**Supplied information**
# # # # # # #
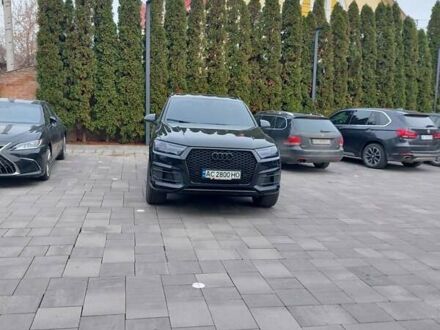 Ауди Ку 7 2016 в Луцке на Automoto.ua Синий Ауди Ку 7, объемом двигателя 2 л и пробегом 150 тыс. км за 28700 $, фото 1 на Automoto.ua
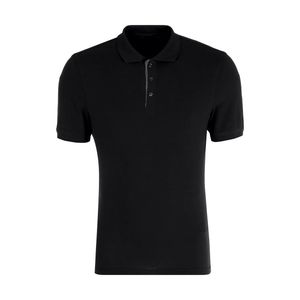 پولوشرت آستین کوتاه مردانه ال سی من مدل 03142603-black 474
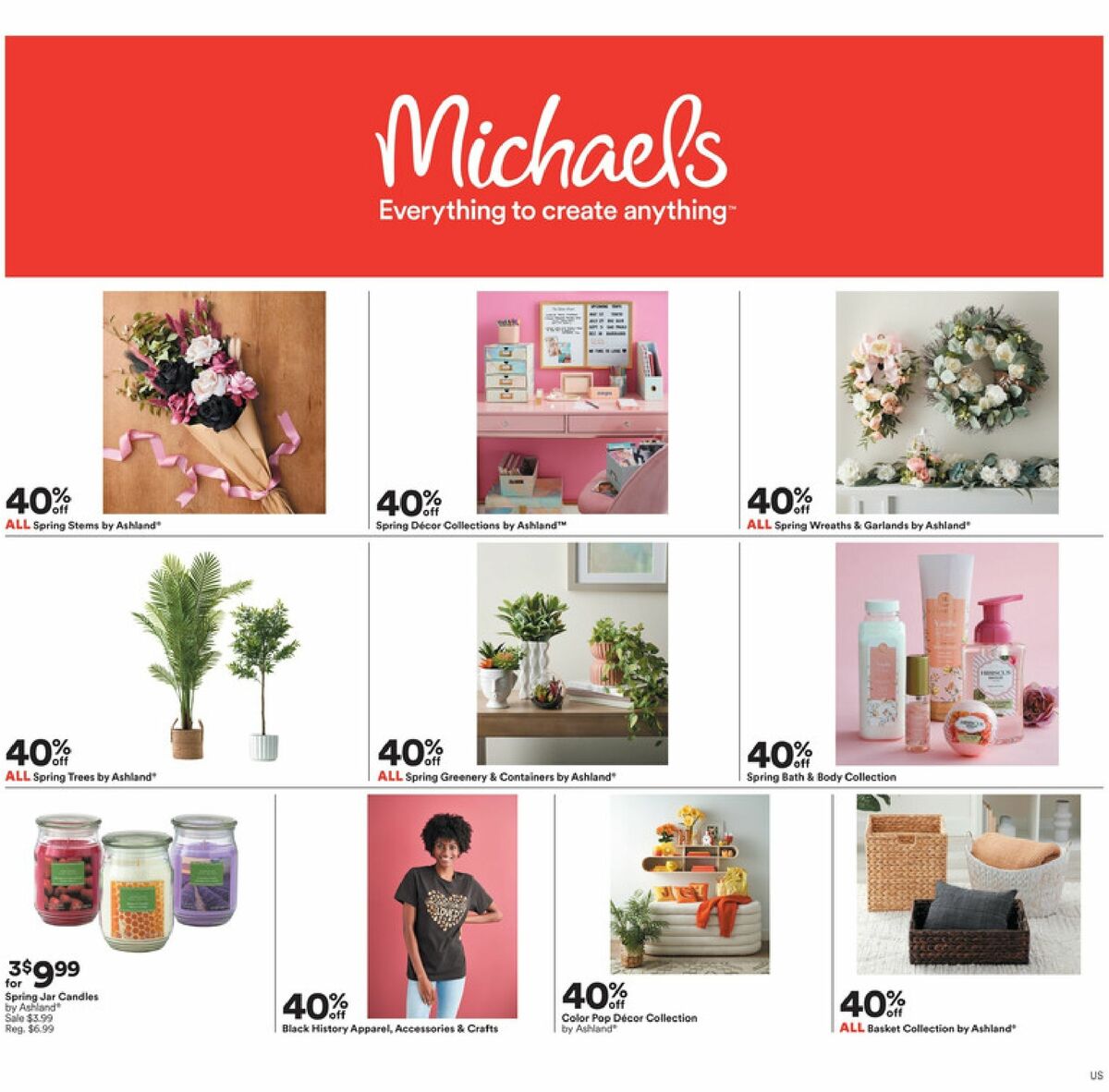 Michaels Weekly Ad from January 28
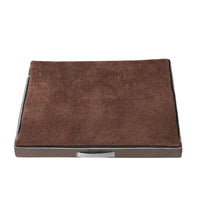 Orthopedisch Hondenbed van Elastisch Schuim - Wasbaar en Antislip voor Grote Honden en Middelgrote Honden - Hebbr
# # # # # # #
**Work order**
Please write out the whole listing exactly, but not the pictures in it.

**Your solution**
 Ауди Ку 7 2016 в Луцке на Automoto.ua Синий Ауди Ку 7, объемом двигателя 2 л и пробегом 150 тыс. км за 28700 $, фото 1 на Automoto.ua
 پولوشرت آستین کوتاه مردانه ال سی من مدل 03142603-black 474
 Michaels Weekly Ad from January 28
 Orthopedisch Hondenbed van Elastisch Schuim - Wasbaar en Antislip voor Grote Honden en Middelgrote Honden - Hebbr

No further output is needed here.